Nicola Sturgeon has set October 19th, 2023 as the date for Indyref2, subject to the approval of the UK Supreme Court. When that court rules devolved administrations do not have power over the constitution (as it almost certainly will), Sturgeon has then promised to make the subsequent General Election a de facto referendum on the question, supposedly giving the green light to elected MPs to negotiate the very future of the same United Kingdom millions of men in uniform have died on the battlefield in order to defend and protect. In other words, having exhausted the legal means to try to break up the UK, the SNP will invoke its own rules to try to achieve the same result. I see folk who denounce Boris Johnson as the greatest personification of evil since King Herod over his desire to ensure Northern Ireland has the same trading arrangements as the rest of the UK, are strangely mute when its comes to what amounts to an incitement to undermine the sovereign authority of Westminster. Again, there is no provision in UK law to use General Elections as a cast iron mandate for constitutional change. Even the referendum provisions in the Northern Ireland Act 1998, enacting the British-Irish Treaty into domestic law, are only consultative. There is no requirement on either the UK or Ireland to actually agree the legal cession of Northern Ireland in international law. So why should Scotland, sans the history of deep communal division and terrorist violence, be afforded a right not granted to any other part of the Union?
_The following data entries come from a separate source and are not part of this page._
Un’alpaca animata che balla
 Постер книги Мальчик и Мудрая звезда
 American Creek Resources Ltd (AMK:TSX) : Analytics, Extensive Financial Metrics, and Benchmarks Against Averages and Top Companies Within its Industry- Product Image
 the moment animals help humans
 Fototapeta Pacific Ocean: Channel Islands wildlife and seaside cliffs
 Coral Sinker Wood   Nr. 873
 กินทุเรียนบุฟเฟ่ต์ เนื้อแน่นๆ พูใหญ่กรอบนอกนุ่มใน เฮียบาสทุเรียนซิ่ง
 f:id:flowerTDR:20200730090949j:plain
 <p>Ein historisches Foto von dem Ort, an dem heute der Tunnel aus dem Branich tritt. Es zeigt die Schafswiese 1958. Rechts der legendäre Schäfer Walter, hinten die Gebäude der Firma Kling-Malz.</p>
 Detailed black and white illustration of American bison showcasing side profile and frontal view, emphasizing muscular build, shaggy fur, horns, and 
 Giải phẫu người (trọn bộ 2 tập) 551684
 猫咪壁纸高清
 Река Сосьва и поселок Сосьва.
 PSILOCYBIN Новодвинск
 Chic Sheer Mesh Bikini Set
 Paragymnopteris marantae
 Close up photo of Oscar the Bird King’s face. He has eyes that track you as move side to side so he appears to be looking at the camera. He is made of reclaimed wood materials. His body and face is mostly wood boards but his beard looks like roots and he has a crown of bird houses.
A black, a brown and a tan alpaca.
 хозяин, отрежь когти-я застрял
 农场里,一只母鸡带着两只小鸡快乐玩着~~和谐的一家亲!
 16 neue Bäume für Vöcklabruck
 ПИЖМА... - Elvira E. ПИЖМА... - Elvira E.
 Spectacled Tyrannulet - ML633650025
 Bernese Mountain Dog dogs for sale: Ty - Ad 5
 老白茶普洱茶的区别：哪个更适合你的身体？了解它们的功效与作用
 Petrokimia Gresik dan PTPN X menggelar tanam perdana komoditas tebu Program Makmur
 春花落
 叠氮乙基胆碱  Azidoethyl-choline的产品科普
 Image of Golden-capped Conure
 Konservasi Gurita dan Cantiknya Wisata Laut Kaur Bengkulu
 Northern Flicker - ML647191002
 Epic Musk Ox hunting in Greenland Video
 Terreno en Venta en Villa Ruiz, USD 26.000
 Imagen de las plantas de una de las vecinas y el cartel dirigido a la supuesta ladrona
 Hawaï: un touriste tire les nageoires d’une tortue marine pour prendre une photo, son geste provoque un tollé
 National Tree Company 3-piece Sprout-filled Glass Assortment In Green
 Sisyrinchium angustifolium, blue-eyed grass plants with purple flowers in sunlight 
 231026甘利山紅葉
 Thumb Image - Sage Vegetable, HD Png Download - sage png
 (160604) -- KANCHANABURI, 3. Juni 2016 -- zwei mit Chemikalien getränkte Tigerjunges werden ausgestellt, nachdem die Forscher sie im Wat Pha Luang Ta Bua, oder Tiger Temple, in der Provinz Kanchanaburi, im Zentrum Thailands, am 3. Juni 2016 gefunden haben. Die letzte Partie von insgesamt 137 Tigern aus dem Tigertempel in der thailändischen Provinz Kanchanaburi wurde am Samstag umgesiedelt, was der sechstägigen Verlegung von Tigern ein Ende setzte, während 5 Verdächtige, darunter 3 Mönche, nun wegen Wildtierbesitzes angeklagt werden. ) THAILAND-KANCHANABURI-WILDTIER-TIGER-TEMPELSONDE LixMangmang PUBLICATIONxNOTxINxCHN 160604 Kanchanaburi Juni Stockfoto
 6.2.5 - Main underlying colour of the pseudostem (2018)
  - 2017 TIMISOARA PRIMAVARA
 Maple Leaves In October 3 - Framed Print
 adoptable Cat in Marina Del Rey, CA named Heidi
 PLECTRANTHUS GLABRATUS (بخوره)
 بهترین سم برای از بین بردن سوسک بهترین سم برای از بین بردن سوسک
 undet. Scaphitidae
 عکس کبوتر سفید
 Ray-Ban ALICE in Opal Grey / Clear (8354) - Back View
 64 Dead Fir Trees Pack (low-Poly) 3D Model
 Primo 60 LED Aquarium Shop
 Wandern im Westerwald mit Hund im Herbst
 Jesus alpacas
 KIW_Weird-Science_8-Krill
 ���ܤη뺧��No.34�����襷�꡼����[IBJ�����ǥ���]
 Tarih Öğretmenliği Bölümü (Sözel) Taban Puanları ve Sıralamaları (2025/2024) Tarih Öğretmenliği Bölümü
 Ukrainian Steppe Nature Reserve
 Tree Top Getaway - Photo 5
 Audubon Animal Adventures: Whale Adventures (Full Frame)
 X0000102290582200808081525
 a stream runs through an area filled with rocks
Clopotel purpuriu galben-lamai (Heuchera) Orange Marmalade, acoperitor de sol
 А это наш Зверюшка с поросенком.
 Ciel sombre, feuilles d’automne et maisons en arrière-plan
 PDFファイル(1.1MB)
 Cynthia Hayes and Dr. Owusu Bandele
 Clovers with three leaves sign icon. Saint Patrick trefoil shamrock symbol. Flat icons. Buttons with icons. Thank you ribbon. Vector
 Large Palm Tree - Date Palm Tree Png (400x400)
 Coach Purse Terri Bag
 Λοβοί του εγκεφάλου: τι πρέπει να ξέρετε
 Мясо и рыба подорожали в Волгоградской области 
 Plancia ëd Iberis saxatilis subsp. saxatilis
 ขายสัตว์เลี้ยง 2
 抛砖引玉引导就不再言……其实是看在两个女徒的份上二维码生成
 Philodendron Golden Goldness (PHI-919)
Tony Blair, the greatest constitutional vandal of our time, promised in his 1997 General Election manifesto that Scottish devolution would effectively strengthen the Union and see off the threat of nationalism. It has done just the opposite. We are now faced with a regional assembly whose primary function is to undermine the British state – with all the economic, political and social ramifications that come with it. Faced with this existential threat to the unity of the UK, all Boris Johnson’s administration seems capable of is stonewalling the SNP’s incessant agitation instead of displaying the sort of muscular unionism necessary in a time of crisis. The Spanish state made it clear Catalan secessionists would not get their way; the German constitution expressly forbids secession; and most countries would contemplate all actions up to and including war to defend their integrity. Ukraine provides us with the current quintessential example. So why should the Establishment here constantly bend the knee and place the UK in a condition of ongoing fragility? We have as much right to exist as a nation as any other in the world and, in many cases, a greater right given our history, achievements, influence and place in the global family. If the Scottish Parliament is not capable of carrying out the tasks for which it was created, it should either cease to exist or be radically changed by statute at Westminster. The time to be accommodating to Scottish separatists is long past.